> [SOURCE DATA]:
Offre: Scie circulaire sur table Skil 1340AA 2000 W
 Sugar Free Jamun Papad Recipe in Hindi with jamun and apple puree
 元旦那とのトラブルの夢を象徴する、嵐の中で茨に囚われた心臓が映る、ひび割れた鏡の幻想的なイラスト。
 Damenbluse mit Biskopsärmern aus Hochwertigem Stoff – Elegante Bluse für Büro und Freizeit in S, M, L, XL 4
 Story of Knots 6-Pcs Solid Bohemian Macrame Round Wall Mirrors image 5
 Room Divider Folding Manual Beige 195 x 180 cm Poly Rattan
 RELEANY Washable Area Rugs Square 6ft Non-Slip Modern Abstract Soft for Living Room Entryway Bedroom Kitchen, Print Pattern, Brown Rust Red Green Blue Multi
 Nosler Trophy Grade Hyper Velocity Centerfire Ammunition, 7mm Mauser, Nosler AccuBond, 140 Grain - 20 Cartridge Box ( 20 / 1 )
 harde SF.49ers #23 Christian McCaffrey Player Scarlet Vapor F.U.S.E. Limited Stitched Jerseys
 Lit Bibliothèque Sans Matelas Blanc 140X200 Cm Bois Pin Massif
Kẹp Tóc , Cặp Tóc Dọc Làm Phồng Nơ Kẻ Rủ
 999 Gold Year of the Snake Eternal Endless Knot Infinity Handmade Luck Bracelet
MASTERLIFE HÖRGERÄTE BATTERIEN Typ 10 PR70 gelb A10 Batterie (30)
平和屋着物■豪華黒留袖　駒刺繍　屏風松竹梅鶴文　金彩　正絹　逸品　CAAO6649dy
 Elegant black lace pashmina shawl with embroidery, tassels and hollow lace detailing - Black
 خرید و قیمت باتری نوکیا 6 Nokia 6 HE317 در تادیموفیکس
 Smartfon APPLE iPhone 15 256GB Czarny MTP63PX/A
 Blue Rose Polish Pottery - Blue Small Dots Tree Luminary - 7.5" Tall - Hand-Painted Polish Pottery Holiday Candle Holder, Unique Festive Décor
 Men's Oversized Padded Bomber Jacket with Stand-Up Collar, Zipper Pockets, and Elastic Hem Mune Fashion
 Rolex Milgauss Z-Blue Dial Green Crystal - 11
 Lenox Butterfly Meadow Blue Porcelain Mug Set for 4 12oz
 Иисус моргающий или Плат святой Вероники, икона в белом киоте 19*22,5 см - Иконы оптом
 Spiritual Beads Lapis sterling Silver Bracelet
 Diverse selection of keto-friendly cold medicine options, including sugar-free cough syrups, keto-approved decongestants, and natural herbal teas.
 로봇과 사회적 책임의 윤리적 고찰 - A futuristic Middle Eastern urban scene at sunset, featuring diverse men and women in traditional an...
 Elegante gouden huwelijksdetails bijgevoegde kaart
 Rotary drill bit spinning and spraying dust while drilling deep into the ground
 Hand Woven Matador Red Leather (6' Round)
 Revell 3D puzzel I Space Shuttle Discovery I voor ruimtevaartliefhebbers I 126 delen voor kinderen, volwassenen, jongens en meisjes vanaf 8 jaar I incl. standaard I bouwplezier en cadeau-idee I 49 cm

> [YOUR ASSIGNMENT]: There is a line above that contains "999 Gold Year". Copy it and all later lines through the last, exactly, and leave out the rest.

> [RESULT]:
 999 Gold Year of the Snake Eternal Endless Knot Infinity Handmade Luck Bracelet
MASTERLIFE HÖRGERÄTE BATTERIEN Typ 10 PR70 gelb A10 Batterie (30)
平和屋着物■豪華黒留袖　駒刺繍　屏風松竹梅鶴文　金彩　正絹　逸品　CAAO6649dy
 Elegant black lace pashmina shawl with embroidery, tassels and hollow lace detailing - Black
 خرید و قیمت باتری نوکیا 6 Nokia 6 HE317 در تادیموفیکس
 Smartfon APPLE iPhone 15 256GB Czarny MTP63PX/A
 Blue Rose Polish Pottery - Blue Small Dots Tree Luminary - 7.5" Tall - Hand-Painted Polish Pottery Holiday Candle Holder, Unique Festive Décor
 Men's Oversized Padded Bomber Jacket with Stand-Up Collar, Zipper Pockets, and Elastic Hem Mune Fashion
 Rolex Milgauss Z-Blue Dial Green Crystal - 11
 Lenox Butterfly Meadow Blue Porcelain Mug Set for 4 12oz
 Иисус моргающий или Плат святой Вероники, икона в белом киоте 19*22,5 см - Иконы оптом
 Spiritual Beads Lapis sterling Silver Bracelet
 Diverse selection of keto-friendly cold medicine options, including sugar-free cough syrups, keto-approved decongestants, and natural herbal teas.
 로봇과 사회적 책임의 윤리적 고찰 - A futuristic Middle Eastern urban scene at sunset, featuring diverse men and women in traditional an...
 Elegante gouden huwelijksdetails bijgevoegde kaart
 Rotary drill bit spinning and spraying dust while drilling deep into the ground
 Hand Woven Matador Red Leather (6' Round)
 Revell 3D puzzel I Space Shuttle Discovery I voor ruimtevaartliefhebbers I 126 delen voor kinderen, volwassenen, jongens en meisjes vanaf 8 jaar I incl. standaard I bouwplezier en cadeau-idee I 49 cm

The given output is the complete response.